# woods and waters weekend



## tommy dog (Oct 13, 2004)

Hey Gang,

Not sure were to post this but thought I would try here first. Has anyone been to the Woods-N-Water News Weekend down in Imlay City, MI. Was wondering if it was good bad or just what. Any info and comments would be great.
Thanks.


----------



## safetreehunt (Oct 1, 2003)

19th Annual Woods-N-Water News 

OUTDOOR WEEKEND

September 9th, 10th and 11th, 2005

Eastern Michigan Fairgrounds-Imlay City 

Fri. 5-9 p.m. / Sat. 9 a.m.-7 p.m. / Sun. 9 a.m.-5 p.m.​Always a good time. Real informative stuff.​


----------



## boots741 (Feb 20, 2004)

Yep, go every year, always have a good time, lots to look at, alot of vendors selling things. The kids go they have fun.I would recommend it.


----------



## wild bill (Apr 20, 2001)

of all the shows in mi, i would put this one at the top of my list. not only do i enjoy it but theres plenty stuff to keep the whole family happy. i will be there saturday morning this year.


----------



## Tecumseh (Aug 13, 2004)

I know they sell puppies there every year but can anyone tell me if you are allowed to bring your hunting dog there?


----------



## deputy (Feb 2, 2002)

I'll be there working the away booth as usual!


----------



## Worm Dunker (Sep 11, 2000)

Yes you are allowed to bring your dog. I had a litter get together there all of the owners showed so we could see each other pups from the litter couple years ago. BearCreek will have a both up there again this year. I'm not going that is another thing that just won't be the same for me with out Dogman.


----------



## Huntsman27 (Sep 29, 2004)

Its usually a good family venue. My daughter and I usually attend [13 yrs old going on 21]...She likes the puppy tent and looking at all the pups....while I practice all the way there...No dear, no, no....did I say no? wheres your Mother? No...........But its really fun and the foods pretty good too. Never know what you may find there.


----------



## PrtyMolusk (Aug 13, 2000)

Howdy-

It's been a couple of years since I attended, but I _might_ be persuaded if a bunch of us could decide on which day and set up a little Meet....


----------



## Huntsman27 (Sep 29, 2004)

PrtyMolusk said:


> Howdy-
> 
> It's been a couple of years since I attended, but I _might_ be persuaded if a bunch of us could decide on which day and set up a little Meet....

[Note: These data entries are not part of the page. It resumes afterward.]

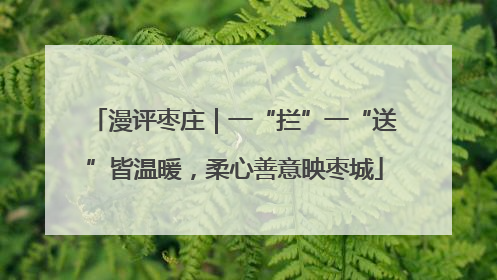 漫评枣庄｜一“拦”一“送”皆温暖，柔心善意映枣城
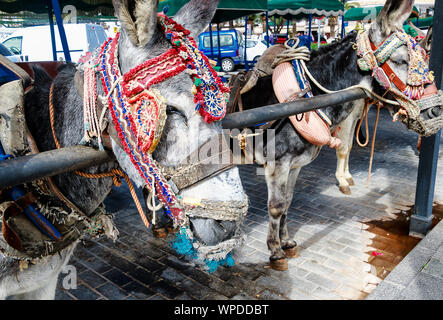 Traditionell reich verzierte taxi Esel von Mijas Pueblo, eine der am meisten besuchten der Weißen Dörfer von Andalusien, Costa del Sol. Stockfoto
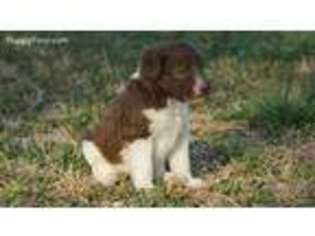 Labradoodle Puppy for sale in Hillsboro, KS, USA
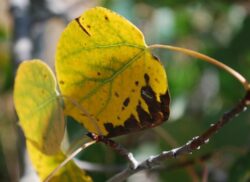 aspen leaf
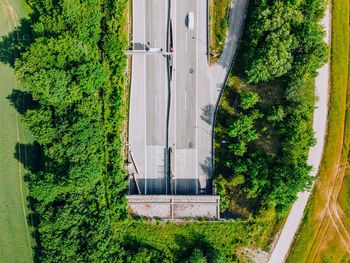 High angle view of trees in park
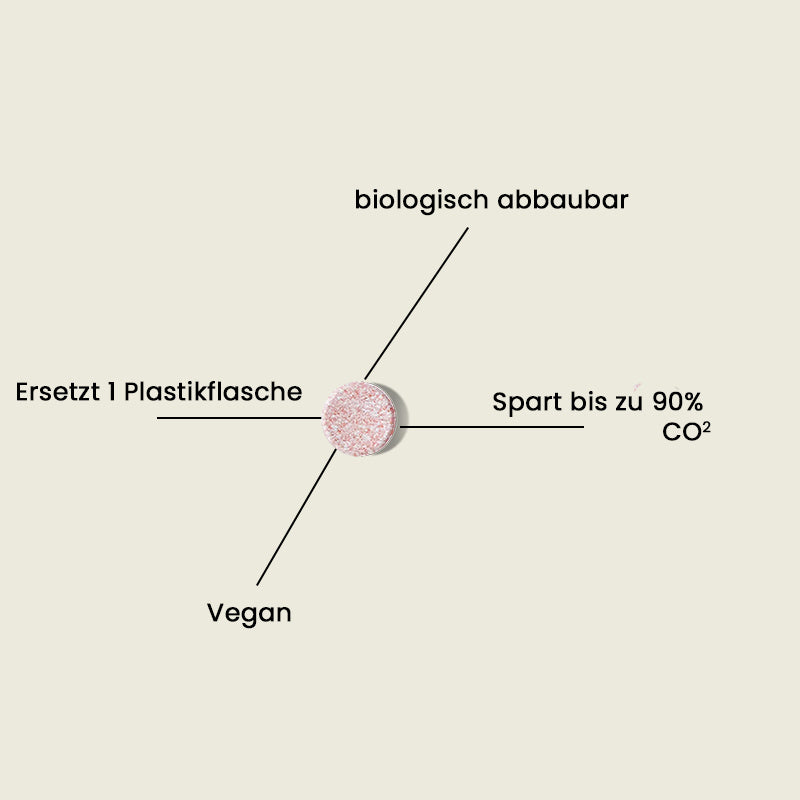 Küchenreiniger, Starter-Set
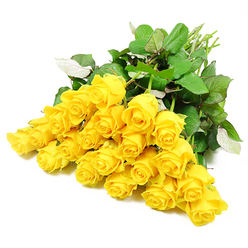 Spread across a pristine white background, around twenty-four yellow roses form a tranquil, almost meditative display. The blooms are gathered densely at one end, then gradually fan outward, allowing each flower to be seen clearly. Petals in shades of warm butter and deep marigold fold over one another in gentle spirals, some still held close in bud form, others easing open to reveal the full complexity of their layered hearts. The studio lighting is soft yet bright enough to emphasise the smooth, velvety texture of the petals, which seem to glow gently against the surrounding white. Dark green leaves thread through the arrangement, their edges slightly serrated and surfaces glossy, creating a rich contrast that anchors the vivid yellow. At the edge of the image, long, light green stems stretch calmly away, indicating a freshly gathered bouquet that might be tied and wrapped for delivery. The overall effect is one of quiet reassurance and understated elegance, ideal for sympathy flowers when bold colours might feel intrusive. In Stanmore, one could imagine this arrangement prepared by Flower Delivery Stanmore and sent to a family home near Canons Park or along Marsh Lane, bringing a message of remembrance, gratitude, and enduring friendship. The clean simplicity of the white background removes any sense of clutter, allowing the roses themselves to carry the emotional weight, making this image a fitting representation for funeral tributes, condolence bouquets, or thoughtful messages of support.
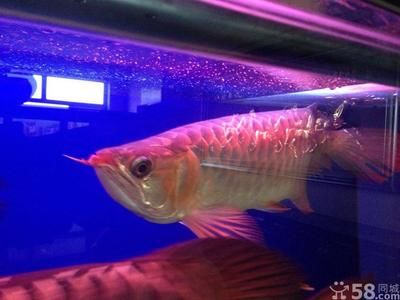 大連龍魚專賣店：大連最大的水族市場在哪里 全國觀賞魚市場 第3張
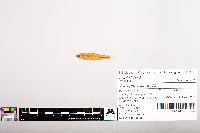 Notropis volucellus image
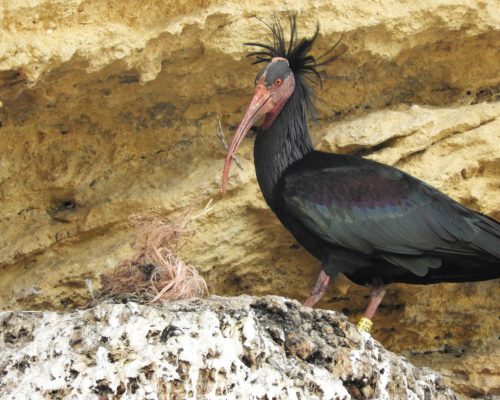 Ibis eremita en La Barca de Vejer de la Fra.
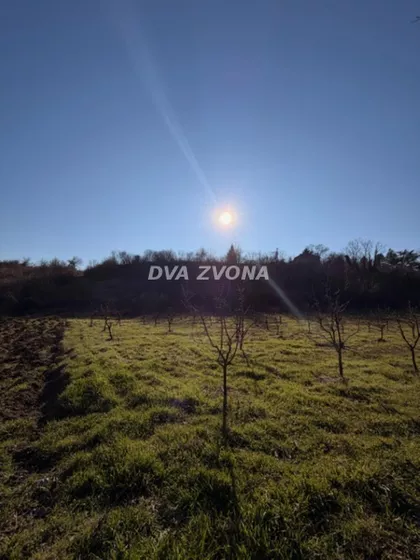 Čortanovci | 4zida.rs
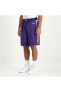 Фото #1 товара Phoenix Suns Icon Edition Nike Dri-FIT Basketbol NBA Swingman Erkek Şortu
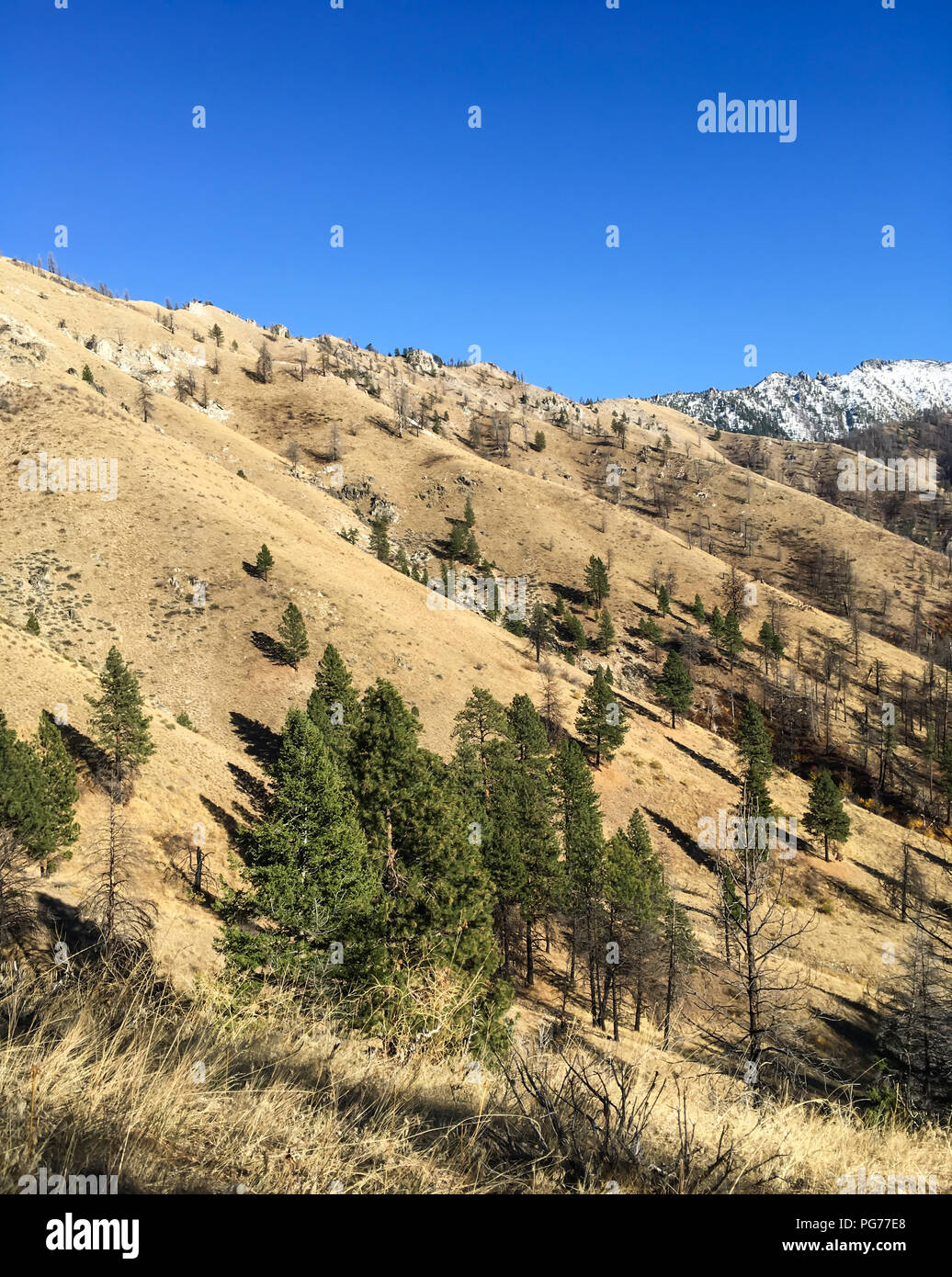Malerische Sägezahn Mountain Range, Idaho, USA. Reiseziel für robuste campen, wandern oder Sport Jagd. Stockfoto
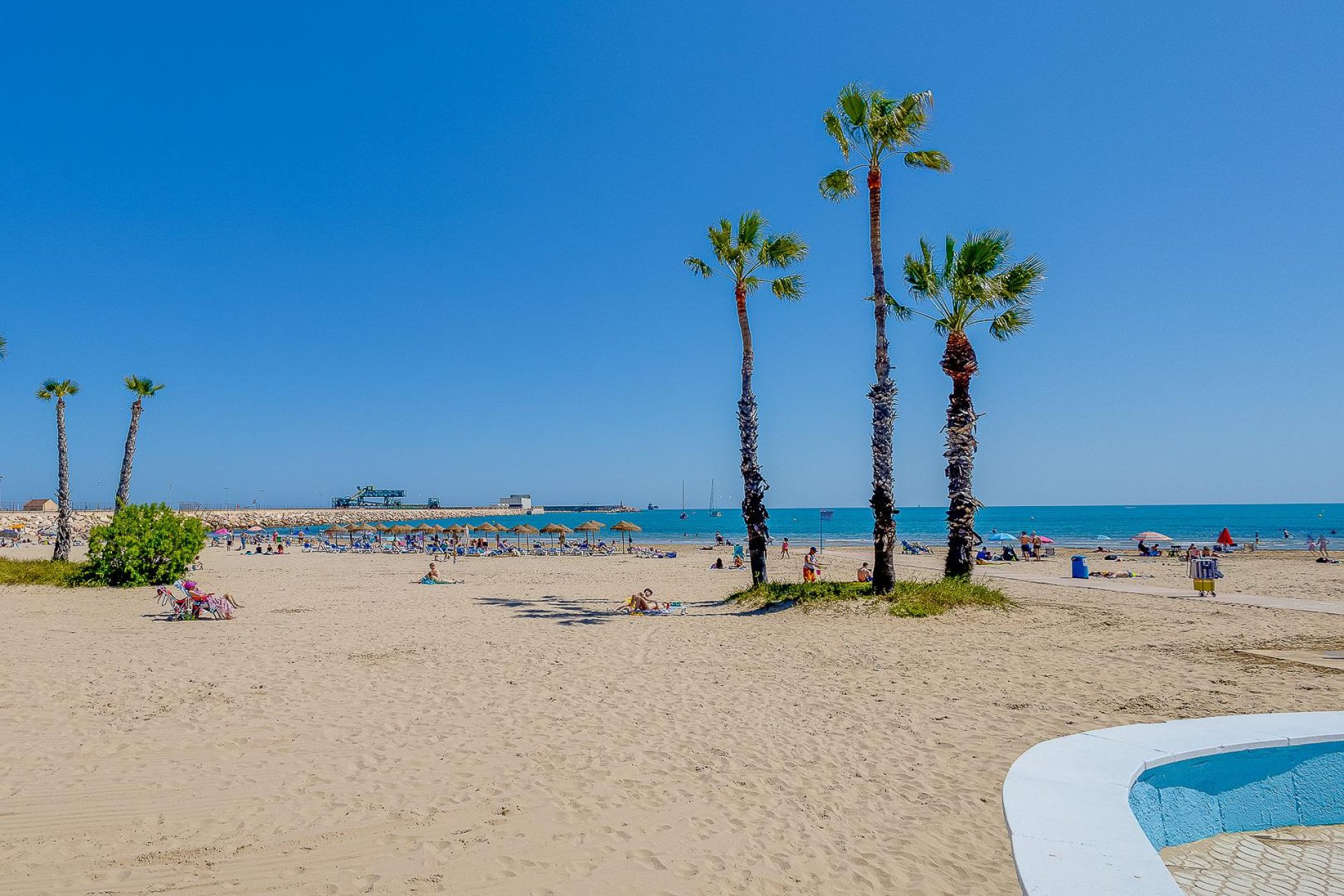 Wiederverkauf - Wohnung - Torrevieja - Playa de los Naufragos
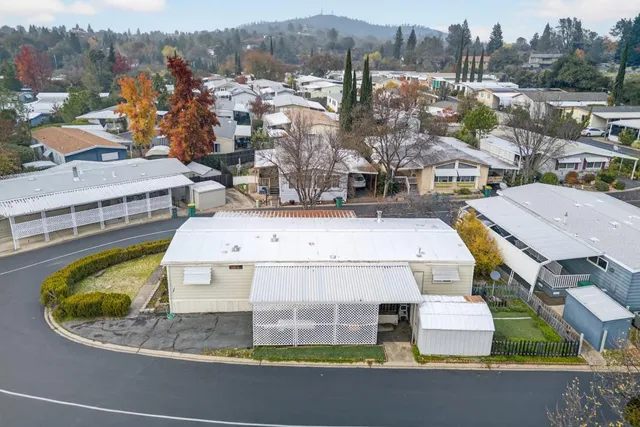 a view of a yard with plants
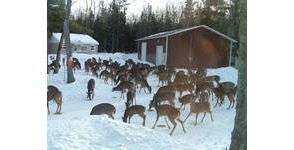 La chasse au chevreuil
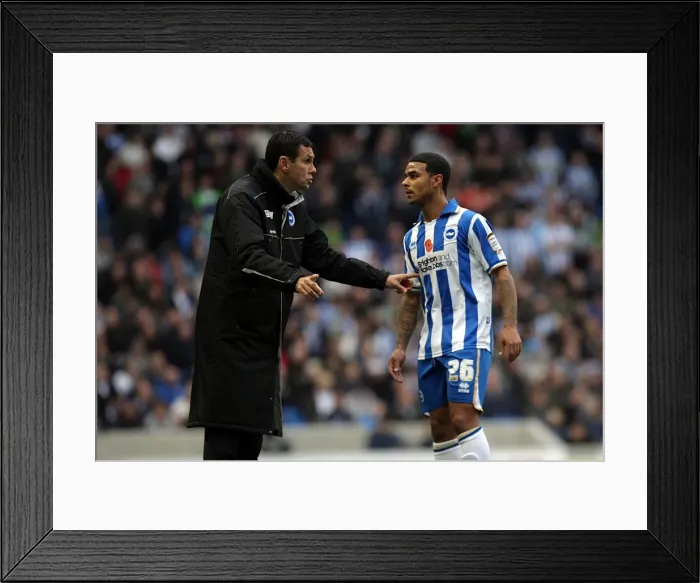 Framed Print : Brighton & Hove Albion vs Barnsley (2011-12): Home Game Highlights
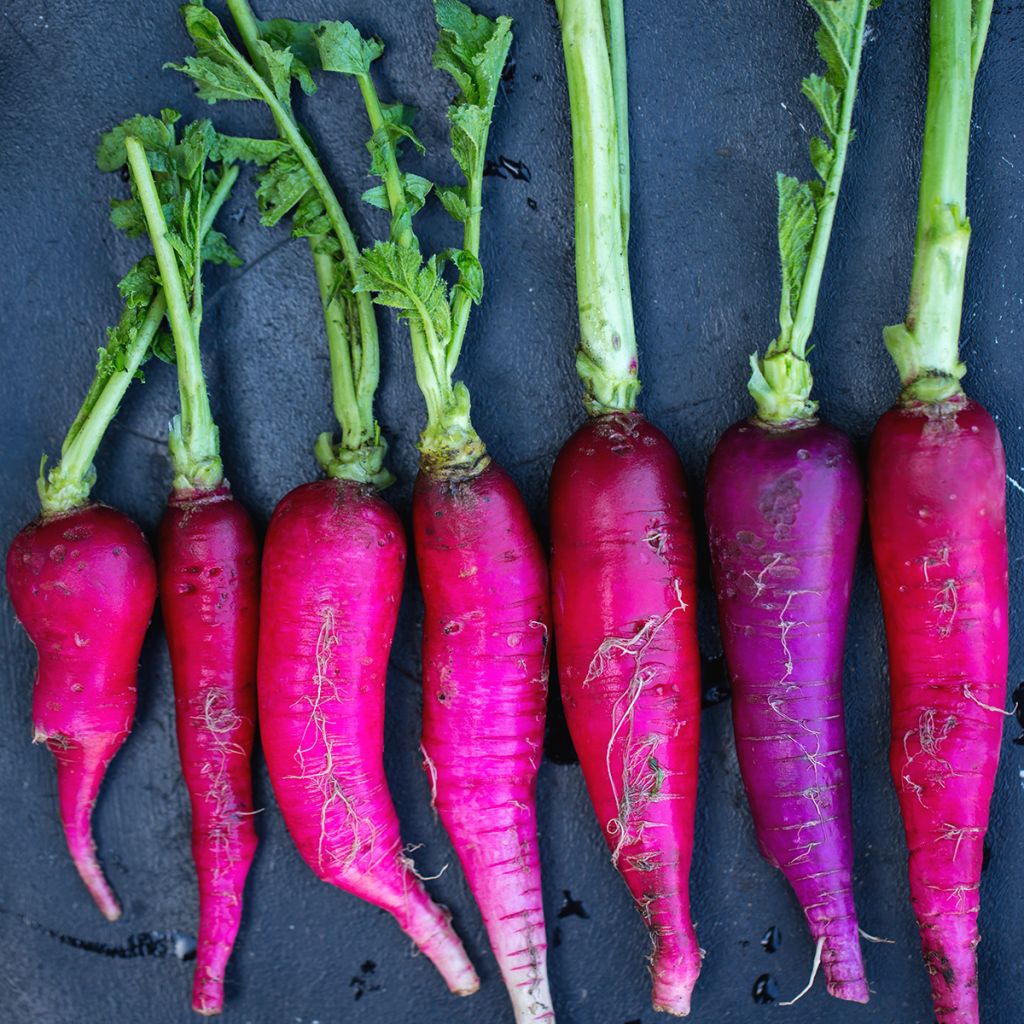 Radijs Violet de Gournay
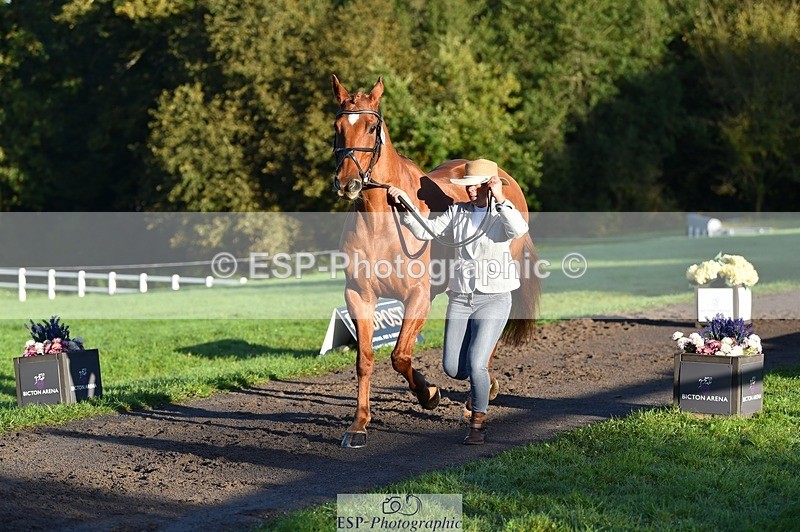 231022-090906-21590 - 656-DUNARD.RED.KNIGHT-Naomi.Watkins-TrotUp+SJ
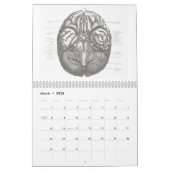 Anatomie-Kalender Kalender (Mär 2026)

Sunday, I have the gun show in White Cloud I have to set up at....


----------



## Buddwiser (Dec 14, 2003)

My wife, Daughter and I attend every year and we will be there again this year. Getting together for a meet is a good idea. Anyone else up for it and have any ideas as to where and when? I know it can get pretty crowded inside the fairgrounds so perhaps someplace outside of it might be better?


----------



## WALLEYE MIKE (Jan 7, 2001)

Sunday the 11th sounds good. Wife has a bridal shower so I might as well do something. Never been to one.


----------



## kingfisher2 (Mar 22, 2001)

Hey Mike, you said you never been to one.....BTW, men usually don't attend bridal showers...... :lol: 

Marc


----------



## 1wildchild (Apr 14, 2003)

We always have a good time. I can meet up on Sunday.


----------



## Liver and Onions (Nov 24, 2000)

Trying to organize a get-together at W-n-W has never worked well. There is a lot to see and most would rather spend their time looking at the exhibits, merchandise, dog shows, or attending a seminar/show. If someone one wants to pick a time & place, the beer tent & the Lion's Den restaurant are the two spots with plently of seating & not running seminars or shows.
Allow at least 3 hours to look at the exhibits & merchandise. Attending shows, seminars, eating, bullshiting, etc are all extra time.

L & O


----------



## fasteight (Jul 20, 2001)

anyone headin up there friday durin the day maybe??? thinkin bout goin but friday afternoon is the only day i might be able to swing it... thanks..


----------



## john warren (Jan 25, 2005)

dude stop saying no, nothing is sweeter then watching a girl and the dog she adores. besides,,, could just end up a new hunting partner.


Huntsman27 said:


> Its usually a good family venue. My daughter and I usually attend [13 yrs old going on 21]...She likes the puppy tent and looking at all the pups....while I practice all the way there...No dear, no, no....did I say no? wheres your Mother? No...........But its really fun and the foods pretty good too. Never know what you may find there.


----------